Closed lbertge closed 2 months ago
Hi! This seems like a useful feature, and I'm curious how things change as well (I don't think from my experience the hypotheses get monotonically closer to the true embedding in terms of cosine similarity, by the way.)
So if you want a quick-and-dirty mechanism for finding the hypothesis embeddings, you can replicate a function or method like generate()

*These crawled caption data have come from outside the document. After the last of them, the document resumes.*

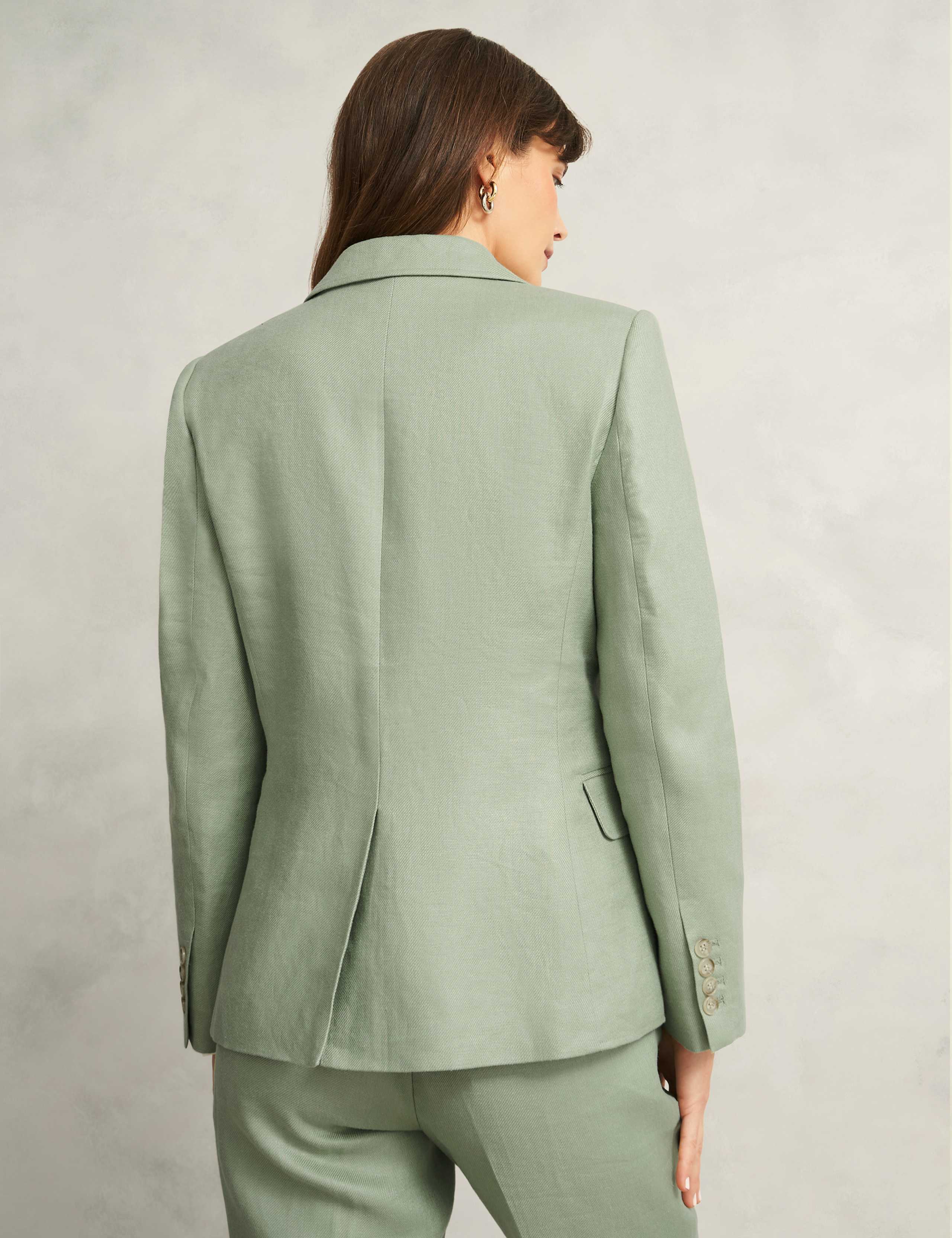 Pure Linen Single Breasted Blazer 6 of 7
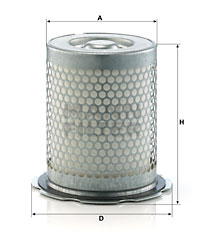 LE 10 005 X, Filter, compressed-air technology, MANN-FILTER, 5073689, 515/4190, 5150190, 5154190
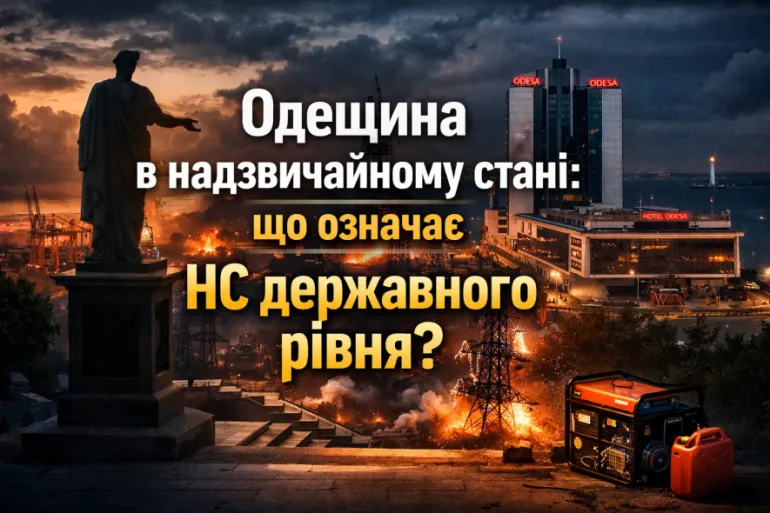 На Одещині введено надзвичайну ситуацію державного рівня: як це вплине на життя громадян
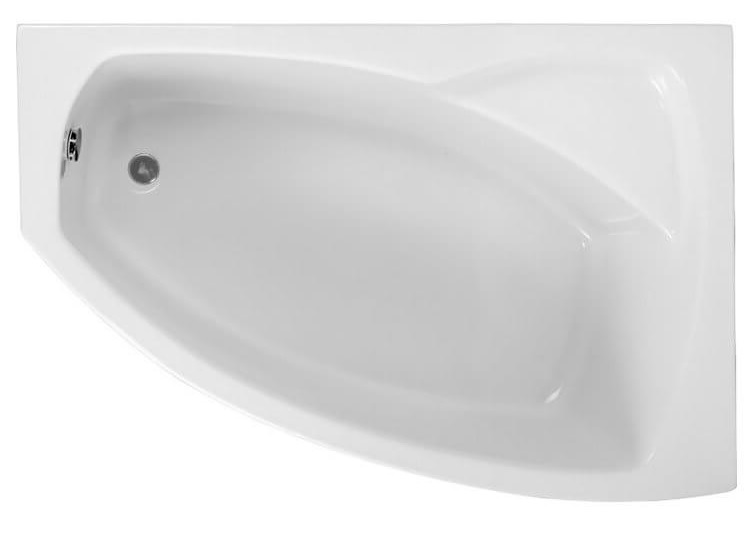 Polimat Frida Eckbadewanne 150x90 cm rechtsseitig weiß 00273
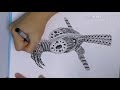 【Speed Drawing】Doodle Hornbill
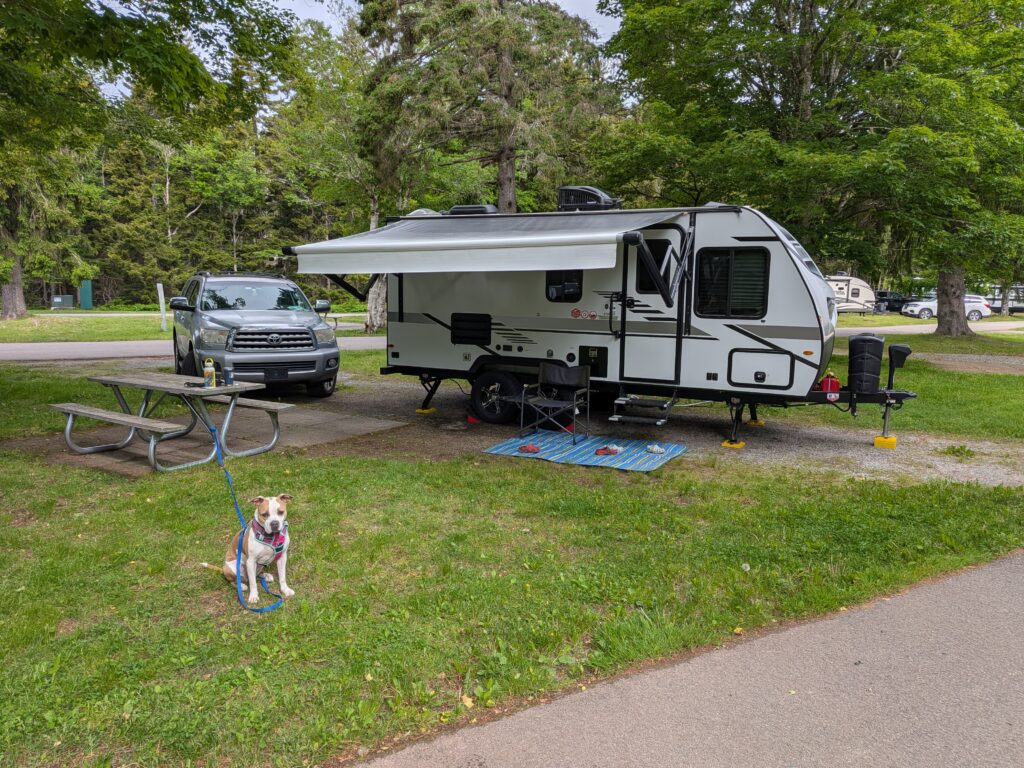 Fundy National Park setup with Stella Posing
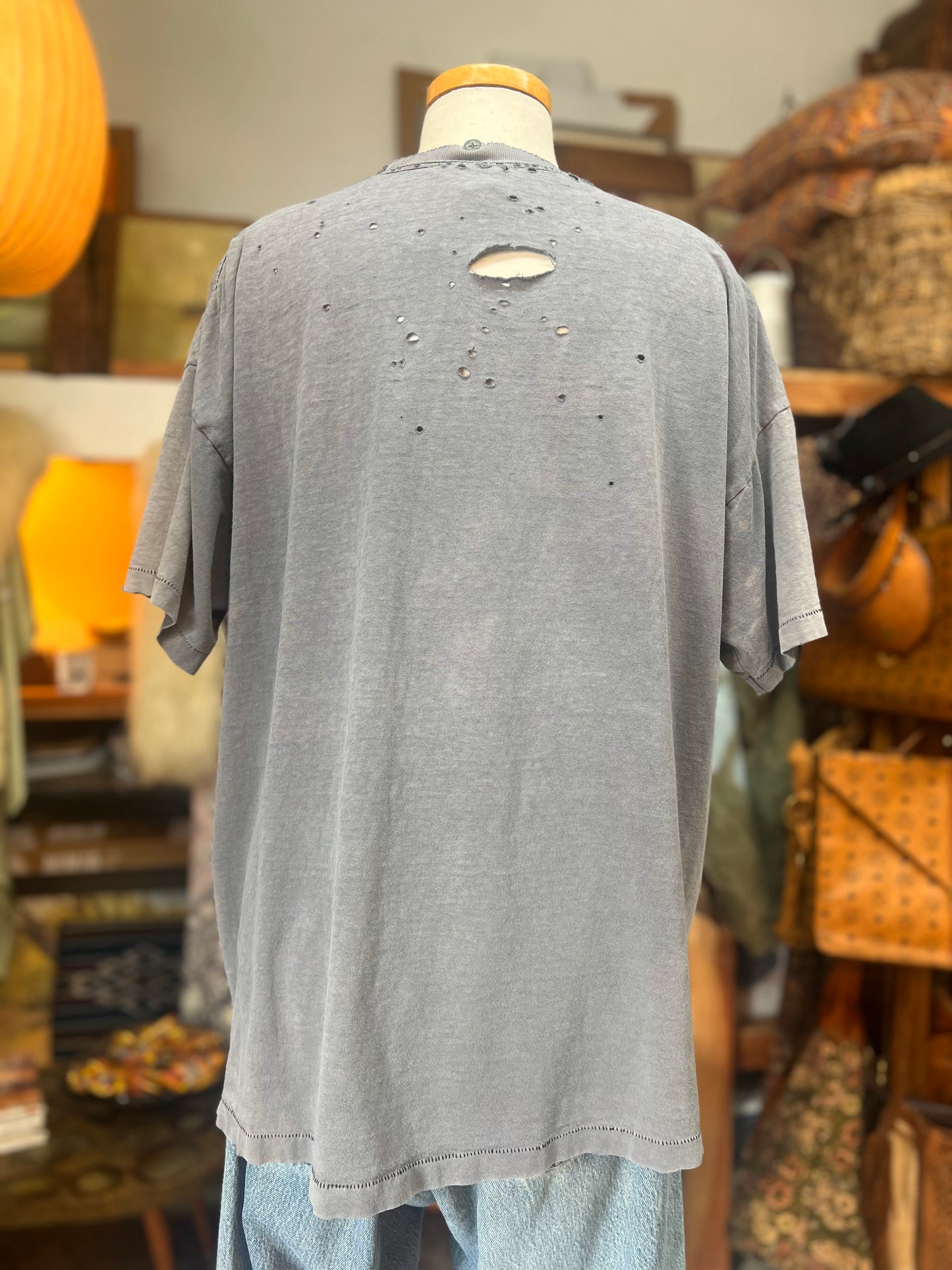 Vintage Distressed Purdue Single Stitch Oversized Tee XL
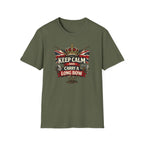 Keep Calm and Carry a Longbow T-Shirt — Vintage British Archer Graphic Tee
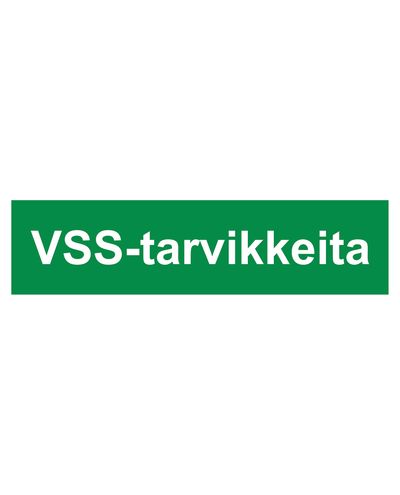 VSS tarvikud, helkurkleebis, 400x100 mm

that runs multiple rounds of correction in a loop: https://github.com/jxmorris12/vec2text/blob/master/vec2text/trainers/corrector.py#L233-L306
I would definitely accept a pull request to optionally collect and return the hypothesis embeddings at each step though. I don't think it would take too much code to configure.
Hmm, I attempted to edit the generate()
function to collect embeddings, but I think I don't know what to do during beam search. Say for example that I set beam_sequence_width=4
. At each step, I accumulate 4 new hypothesis embeddings, so I end up with a list that's like [torch.Size([4,1536], torch.Size([4, 1536], ... torch.Size([1, 1536])].
I don't know if it's a good idea here to rely on a heuristic to 'pick' one of the embeddings during the generation steps, do you have any thoughts? Maybe I should enable this option only when beam_sequence_width=1
?
I think it depends on what you're using the hypotheses for. You could just flatten the output, or only add the hypothesis embedding from the beam that's closest to ground-truth.
Hello,
I would like to look at the hypothesis embeddings, for example, to see how the cosine similarity changes per iteration. It looks to me like
invert_embeddings()
only returns the final string. Is there an easy way to do this/would you accept a PR that returns the intermediary embeddings? Thank you!